Wednesday night, paintings by Banksy, Pablo Picasso, and Roy Lichtenstein were among the top sellers. Despite relatively tame bidding, each sold for final prices within their estimates: $9.7 million, $7.3 million and $5.5 million, respectively.
Unlike past seasons, works by Warhol have largely been out of the limelight this season at sales across all three major auction houses, even with a recently opened show dedicated to the Pop artist at the Brant Foundation’s East Village space. The only one to appear in an evening sale is a 1973 silkscreened painting in which four Mona Lisas are rendered in a black-and-sepia-toned grid. It hammered at $1.9 million, below its $2 million low estimate, to a bidder on the phone with Phillips New York deputy chairman, Robert Manley.
Among the standout lots of the night was a figurative painting by Noah Davis that was offered as the first lot of the evening. Multiple bidders on the phone with New York–based specialists vied for Davis’s untitled painting from 2010 that depicts a half-dressed Black woman splayed out asleep on a life-sized stuffed animal. The painting sold for $990,600, more than nine times its $100,000 estimate. The result is the second highest price for the artist at auction, behind the $1.5 million record set at Christie’s last year, and served as a coup for Phillips, which competes against the much larger Sotheby’s and Christie’s for contemporary art consignments.
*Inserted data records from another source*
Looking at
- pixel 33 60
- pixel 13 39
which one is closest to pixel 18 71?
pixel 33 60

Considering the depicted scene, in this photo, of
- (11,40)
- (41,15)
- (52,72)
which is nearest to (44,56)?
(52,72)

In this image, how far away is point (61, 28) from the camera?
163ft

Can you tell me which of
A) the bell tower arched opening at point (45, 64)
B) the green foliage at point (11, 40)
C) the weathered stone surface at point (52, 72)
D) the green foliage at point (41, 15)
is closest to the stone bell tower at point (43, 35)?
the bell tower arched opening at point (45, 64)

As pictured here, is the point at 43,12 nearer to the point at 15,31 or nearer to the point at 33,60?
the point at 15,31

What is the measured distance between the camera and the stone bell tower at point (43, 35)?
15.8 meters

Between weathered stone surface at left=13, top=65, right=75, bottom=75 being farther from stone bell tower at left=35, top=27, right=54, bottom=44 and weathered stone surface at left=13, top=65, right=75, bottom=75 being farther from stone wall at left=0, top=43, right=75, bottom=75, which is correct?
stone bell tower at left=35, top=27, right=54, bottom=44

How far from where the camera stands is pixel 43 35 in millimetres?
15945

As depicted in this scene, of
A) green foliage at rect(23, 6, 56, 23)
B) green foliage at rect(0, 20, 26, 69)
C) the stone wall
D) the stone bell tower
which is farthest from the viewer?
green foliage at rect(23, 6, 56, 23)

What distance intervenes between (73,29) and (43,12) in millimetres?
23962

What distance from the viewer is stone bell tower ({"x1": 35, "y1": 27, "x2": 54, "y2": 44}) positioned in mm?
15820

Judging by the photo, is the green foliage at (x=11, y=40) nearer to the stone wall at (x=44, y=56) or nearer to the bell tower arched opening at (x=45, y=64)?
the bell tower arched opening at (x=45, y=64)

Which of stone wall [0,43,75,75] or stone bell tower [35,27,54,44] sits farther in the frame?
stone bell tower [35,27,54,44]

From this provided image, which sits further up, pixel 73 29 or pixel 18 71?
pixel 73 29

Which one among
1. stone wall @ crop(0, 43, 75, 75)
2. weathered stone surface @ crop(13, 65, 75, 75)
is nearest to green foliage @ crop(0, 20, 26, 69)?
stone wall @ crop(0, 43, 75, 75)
In an interview following the sale, New York advisor David Shapiro said the result for the Davis reflects pent up demand among collectors for works that are difficult to find by the late artist, who died at the age of 33 in 2019. “The works are so rare, especially to find one that good,” he said.
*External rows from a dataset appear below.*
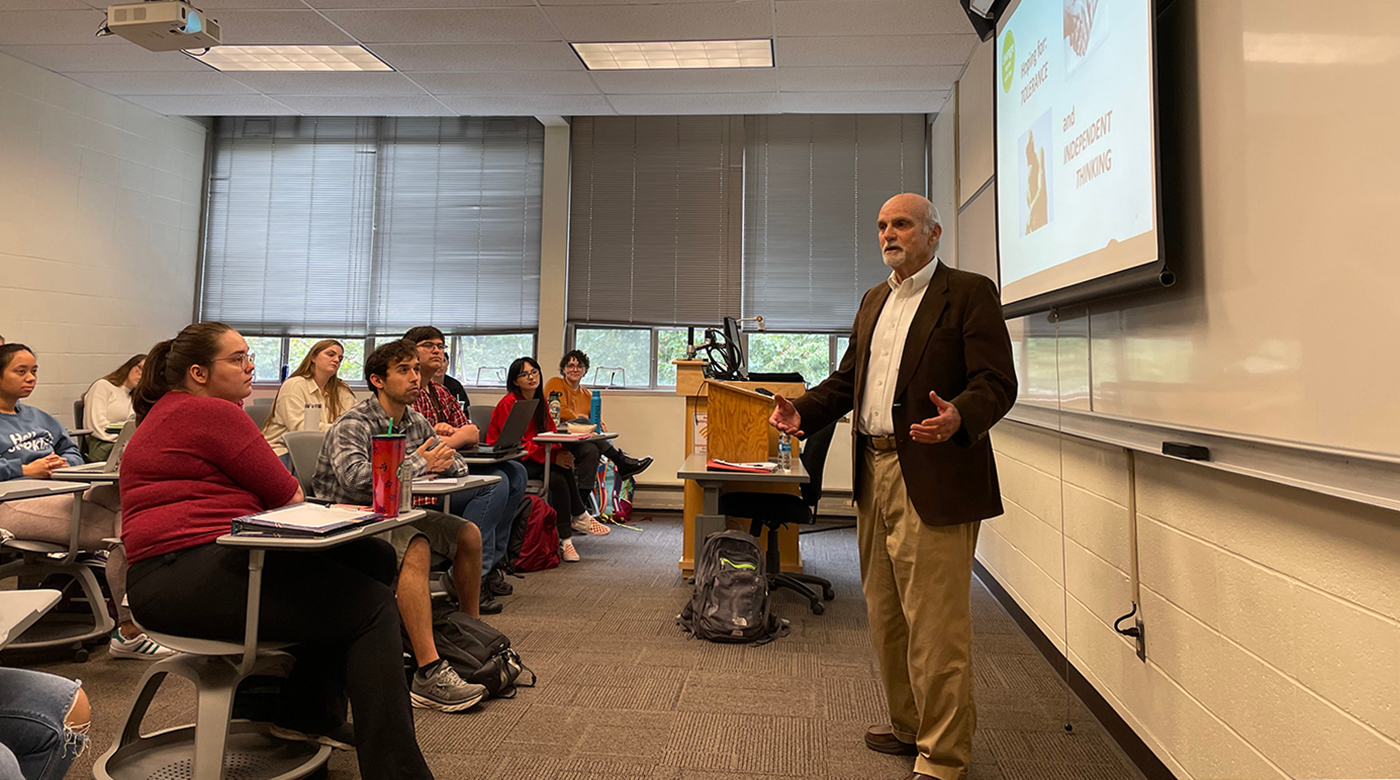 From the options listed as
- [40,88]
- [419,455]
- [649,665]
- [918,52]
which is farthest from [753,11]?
[40,88]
Interest in undervalued artists of color, a trend that has defined the auction circuit in the last three years, continued in this sale. A 2019 painting by the Los Angeles–based artist Henry Taylor, 65, titled Dakar, Senegal #3 was among the few works alongside Davis’s to elicit a bidding war. Taylor produced it while traveling to Senegal in 2019, the year he was featured in the Venice Biennale. The painting, a portrait of a seated security guard whose visage is slightly masked by a pair of sunglasses, hammered at a price of $460,000 to applause; the sum was more than five times the $80,000 low estimate. With fees, the final price was $584,200, going to a bidder on the phone with Phillips content administrator, Ferguson Amo. The figure was still under the standing record of $975,000 set for a work by Taylor at auction in 2018.
At other points, early and mid-career figurative painters like Anna Weyant and Caroline Walker, were among the artists to see attention among interested buyers. UK-based Walker has gained a following among European collectors and has recently been in a fixture in London evening sales.
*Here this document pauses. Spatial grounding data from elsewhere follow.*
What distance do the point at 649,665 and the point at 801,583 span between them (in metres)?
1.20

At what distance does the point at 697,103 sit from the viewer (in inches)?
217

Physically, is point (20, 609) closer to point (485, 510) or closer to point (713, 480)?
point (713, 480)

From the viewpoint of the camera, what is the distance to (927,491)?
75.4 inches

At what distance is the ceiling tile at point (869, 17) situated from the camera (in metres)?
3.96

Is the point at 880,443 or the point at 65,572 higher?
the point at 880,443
Her 2010 painting, Conservation, which depicts a woman in her underwear stretching to reach a vase, surpassed expectations. The painting, which had a financial guarantee, hammered at a price of $370,000, well above the estimate of $150,000. It went to a bidder in the room, who competed against a client on the phone with Manley for it. The final price of the work was $469,900 with fees.
At another point, the emerging category saw more selective bidding. A canvas by Weyant, a rising painter now represented by Gagosian whose slick portraits of female figures have gained recent traction, was one of the evening’s few ultra-contemporary lots. Works of this kind, typically ones made in the past three years, have been a main focus for Phillips. Her 2021 painting Unconditional Love, a scene depicting two women with one seated on the other’s lap, sold for $609,600 (with fees), hammering in the middle of its estimate range.
By the sale’s end, things were coming to a close on a high when a work the late American artist Elaine Sturtevant, known for her irreverent copying of canonical male artist came up on the block. Study for Marilyn, a riff on Warhol, hammered at $1.5 million, again with Manley’s bidder over its $1 million low estimate. The work went for a final price of $2.9 million with fees.